While there may not be any groundbreaking release coming out of Xero currently, there are a few changes I’d like to talk about. In this article I’ll cover the changes to payment terms, the interface, and machine learning.
In April, Xero updated their payment terms.
- The first big change is that you have to give a month’s notice before you cancel your subscription. This goes into effect on July 1.
- Instead of waiting 10 days after the monthly invoice to charge your credit card, Xero will charge you on the same day as you invoiced. This change will occur in 2-day increments starting in July and will be in full effect by the time November rolls around.

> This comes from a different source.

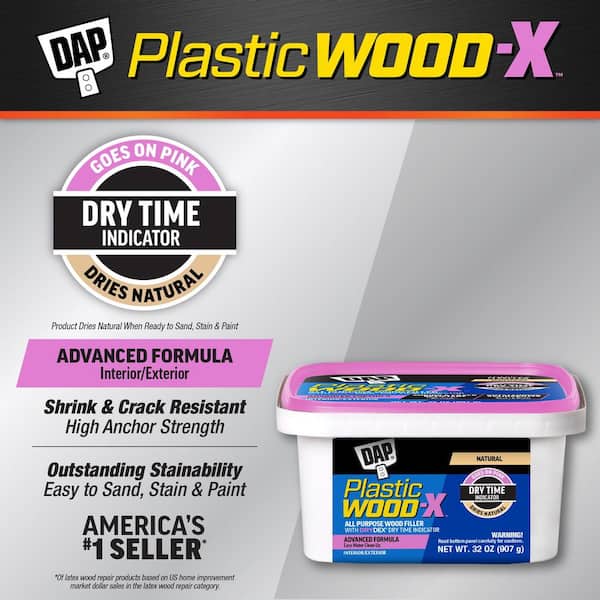 Plastic Wood-X with DryDex 32 oz. Natural All-Purpose Wood Filler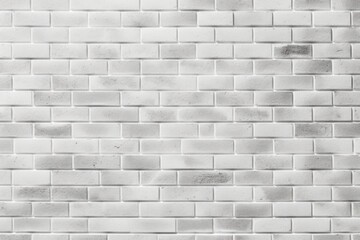 Wall Mural - A black and white photo of a textured brick wall. Suitable for backgrounds or industrial concepts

- From August 1, new subscribers (or people who are new to paying for their subscriptions, as in the event of a transfer), will need to pay in advance for the month to come, instead of after the fact.
Broadly speaking, if you read the comments in the blog post announcing these changes, there were many negative reactions to them. Realistically speaking, however, this seems to be in line with what other software-as-a-service companies do.
Since Xero is shifting to charging in advance, I do think it’s unfair to require a month’s cancellation notice. For example, if you cancel on July 15, instead of stopping the subscription at the end of July (which you’ve already paid for), it’ll stop on August 15, which means you’ll have to make another payment on August 1 for another half month.
Transaction Interface Changes
We recently wrote about Xero’s foray into machine learning and how it will change the way Xero acts in the future. Part of that change is that the interface for invoicing was updated.
If you’re familiar with the look of pages like Quotes, this will be no big surprise. I checked throughout Xero, and this now (finally) appears to be the standard look for all transaction pages.
Speaking of machine learning, I’ve learned some new facts about how it currently works. So you know what it’s all about, it’s an algorithm that learns how you code accounts when creating an invoice, and automatically does it for you. So, when you create an invoice, by the time you finish typing in the description and are entering the quantity and price, the account code will magically appear.
Does it work well?
Since the machine learning is new and it takes time to learn, I haven’t seen much of a difference on the invoices I create so far. Perhaps this is because the learning is done based on what’s input into the description, and I type in something new almost every single time I invoice. For my business use case, it would be more productive if the machine learning placed more weight on how I billed out the customer in the past. Currently, the machine learning factors in the contact name and description, so it’s a 2-point model. Xero is looking at a 7-point model in the future, however.
Right now, the algorithm re-trains itself once a day and it’s completely based on your own organization. This means it doesn’t take into account any lessons learned from other companies, good or bad. This may change in the future, though.
Talking with a developer, I learned that the algorithm should reach peak efficiency after 50 invoices. If you do happen to do recoding, those recodes do have an effect on the machine learning.
Machine learning sounds like a cool work in progress, so I was wondering if this worked on all parts of Xero. The current answer is no, but the goal is that all parts of Xero will have machine learning applied. If you’re familiar with Xero, you know that the Reconcile page does have some predictive algorithms set up, but I am told that this is different from what’s used on account codes in the invoicing module.
There are some other minor updates that debuted in March and April. There were improvements to payroll, reporting, and a new direct bank feed with Capital One. Something that caught my eye is the list of what’s supposed to become available in the next 90 days:
- Find & Recode enhancements
- Create bank rules
- Edit and print checks (US)
- Report templates for agri sector (New Zealand)
- Further reporting enhancements
- Business lookup & indicators of credit/payment risk (Australia & New Zealand)
- Import Excel into Budgets
- Attach files to quotes (Android)
- Client management enhancements in Xero HQ
- Fixed Assets enhancements (Australia)
I don’t know about you, but it seems like this is a list of pretty incremental changes. There’s certainly nothing wrong with that, and I think we are at the point where there won’t be anything groundbreaking released that’ll really rock your accounting world.
The big changer, machine learning, is being worked on, but like the items on the list above, this will provide incremental improvements initially. In the years to come, however, when all these incremental improvements have really added up, I think we’ll register the big change — for example, when we’re truly not spending time coding transactions any longer.